Tendo-te repudiado a princípio, especialmente porque o teu Pai me tinha prometido que não estarias lá em casa quando regressássemos da lua-de-mel, muito em breve me habituei à tua presença.
E comecei a sentir por ti qualquer coisa que não sabia bem o que era, nem me dava ao trabalho de tentar analisar. Sentia-te como se fizesses parte de mim mesma, como um braço ou uma perna. Uma parte sem a qual não se pode viver, ou, pelo menos, não se vive muito bem.
Quando partiste, a primeira vez, para a Inglaterra, pensei que não iria suportar tanta dor. E todas as outras nossas despedidas me foram sempre muito dolorosas.
Anita fez uma longa pausa. Humberto mal conseguia esconder a sua emoção. Pigarreou e disse:
- Minha querida, estás a cansar-te demais. É melhor descansares um pouco. Temos muito tempo para conversar…
- Engano teu. Não temos assim tanto tempo… E, receando que ele percebesse o verdadeiro sentido das suas palavras, rapidamente acrescentou:
- Quero dizer-te tudo antes que Eduarda regresse. Como sabes, nós somos, mais do que Mãe e filha, duas excelentes amigas. O único segredo que tenho para com Eduarda é relativo ao seu Pai. Bom…a partir de agora, vai haver mais este, pois não gostaria que Eduarda soubesse que, exactamente agora, nestas circunstâncias, eu descobri que te amo…
- Anita! Tu amas-me, meu amor!... interrompeu Humberto, com o coração a saltar-lhe no peito.
- Sim, eu amo-te, meu amor. Deixa-me tratar-te assim enquanto estamos a sós.
Sei agora que sempre te amei. Tudo o resto passou pela minha vida sem deixar rasto.
Sabes? Eu nunca deixei de sentir a tua falta, até mesmo nos momentos em que me julguei mais feliz. Pensava, tolamente, que gostaria que estivesses presente para partilhar contigo essa suposta felicidade.
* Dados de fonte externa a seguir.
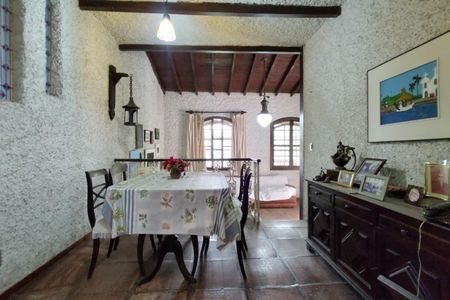 Casa de condomínio à venda com 202m², 3 quartos e 2 vagas Casa de condomínio à venda com 202m², 3 quartos e 2 vagasSala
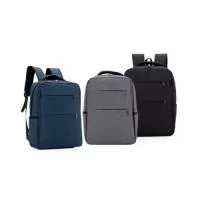 Mochila para Notebook em tecido poliéster. Parte externa: 3 Bolsos frontais com ziper; 2 Bolsos laterais; Alça de mão e ombro acolchoadas. Parte interna: Compartimento acolchoado p/ notebook de 39x28cm. Tamanho total do Notebook - 17¨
Agora eu entendo que apenas tinha necessidade de ti, de te ter junto de mim, de sentir o teu amor, que eu não me apercebia que existia, mas que me fazia muito bem.
Calou-se, por momentos, para logo acrescentar:
- É muito triste constatar que se passou uma vida inteira com umas palas nos olhos. E agora… agora… tão tardiamente, descubro, enfim, a verdade!
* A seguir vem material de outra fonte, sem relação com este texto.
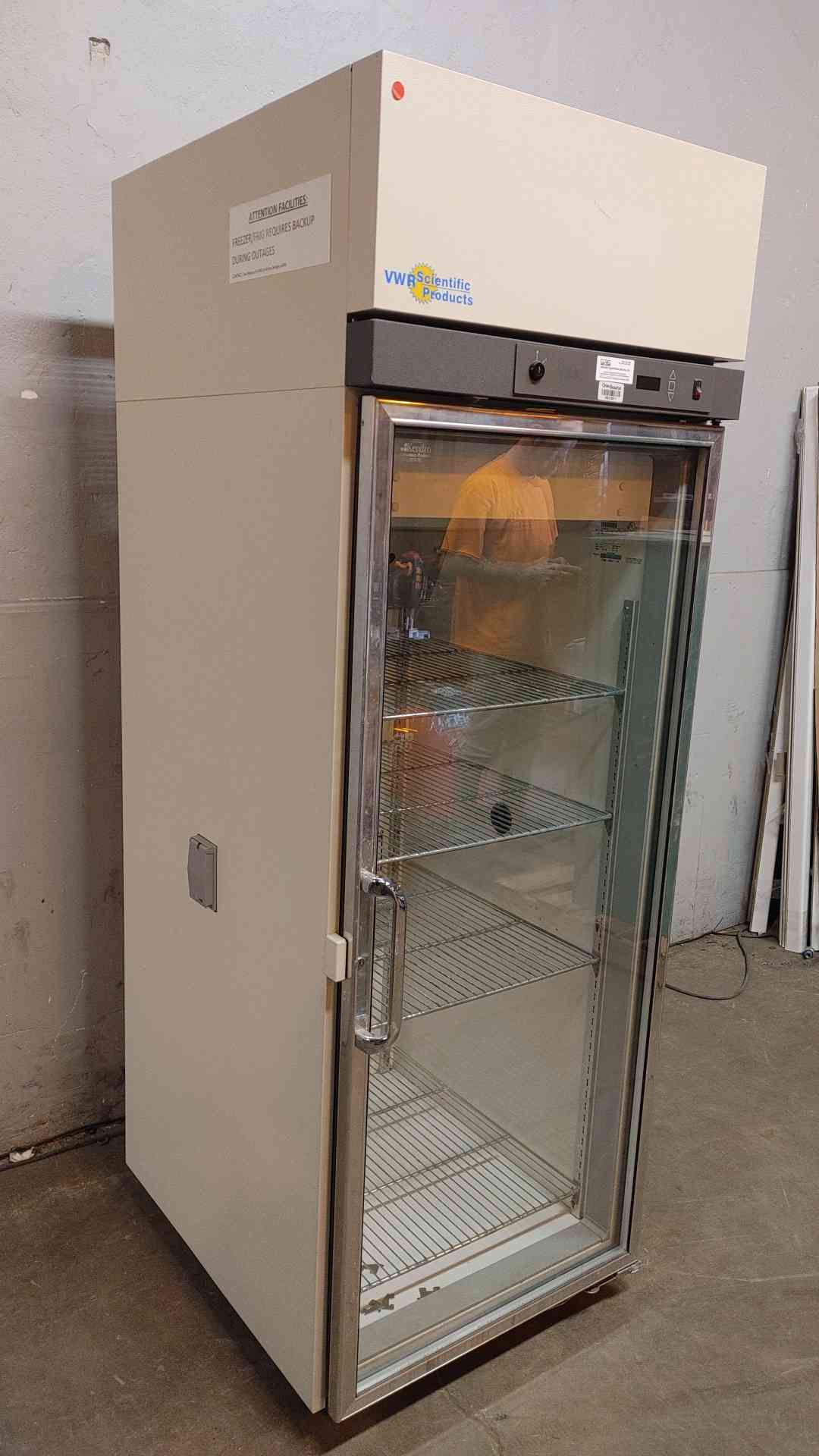 VWR Scientific Single Glass Door Lab Refrigerator VCR422A20 (108702)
- Anita, meu amor, se soubesses como é importante para mim descobrires que me amas… Teria sido muito melhor se tivesses percebido o meu amor há muito mais tempo, mas…nós não somos nenhuns velhos… ainda faremos muita inveja a quem nos vir passear de mãos dados, como jovens enamorados – respondeu Humberto, esboçando um sorriso forçado.
Um leve tamborilar de dedos na porta advertiu-os da chegada de Eduarda.
Humberto notou que, apesar do banho, ela continuava com aspecto de grande cansaço, os olhos pisados de quem chorara longamente, e o sorriso que afivelara no rosto não conseguia disfarçar a sua grande preocupação.
Dando um beijo na Mãe, puxou a cadeira para junto da cama e disse a Humberto:
- Já estou pronta para passar cá a noite. Agora podes ir tu tomar banho e fazer o tal telefonema. Eu faço companhia à Mãe.
Humberto depositou um beijo na testa de Anita, e com um “até já”, retirou-se.